When the line containing "Korg microKORG - Synthesizer image 3" is found in the data below, give it again along with every later line, exactly; drop the pictures.

- _DATA SHOWN_:
━━━━━━━━

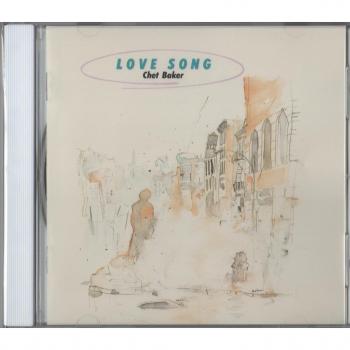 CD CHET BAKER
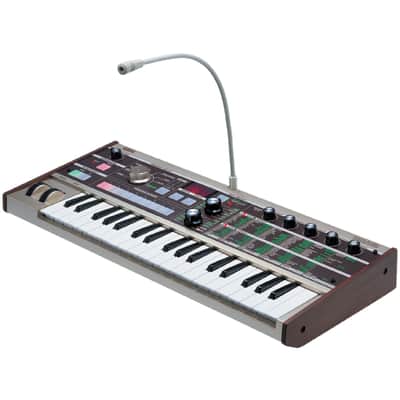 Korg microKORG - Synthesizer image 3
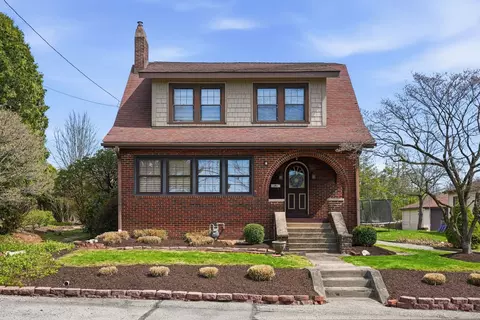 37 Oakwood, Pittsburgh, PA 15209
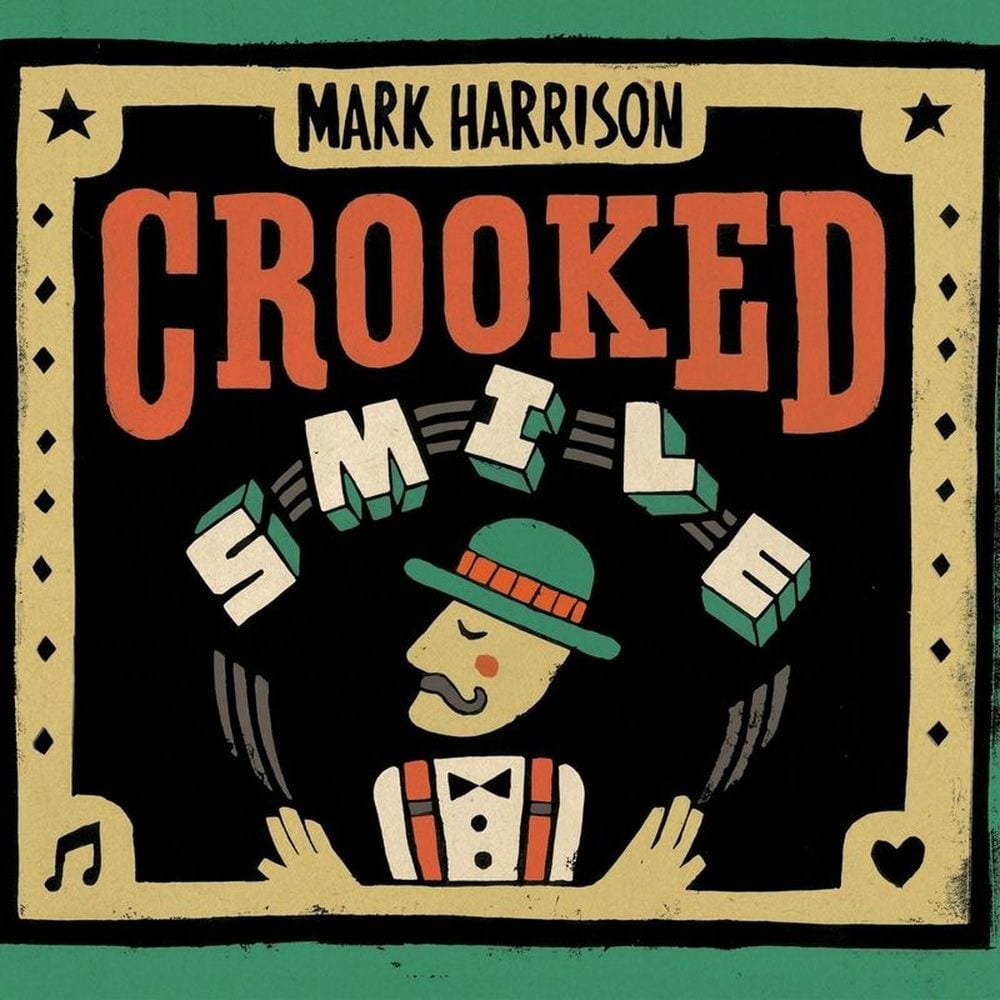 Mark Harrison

━━━━━━━━

- _OUTPUT_:
 Korg microKORG - Synthesizer image 3
 37 Oakwood, Pittsburgh, PA 15209
 Mark Harrison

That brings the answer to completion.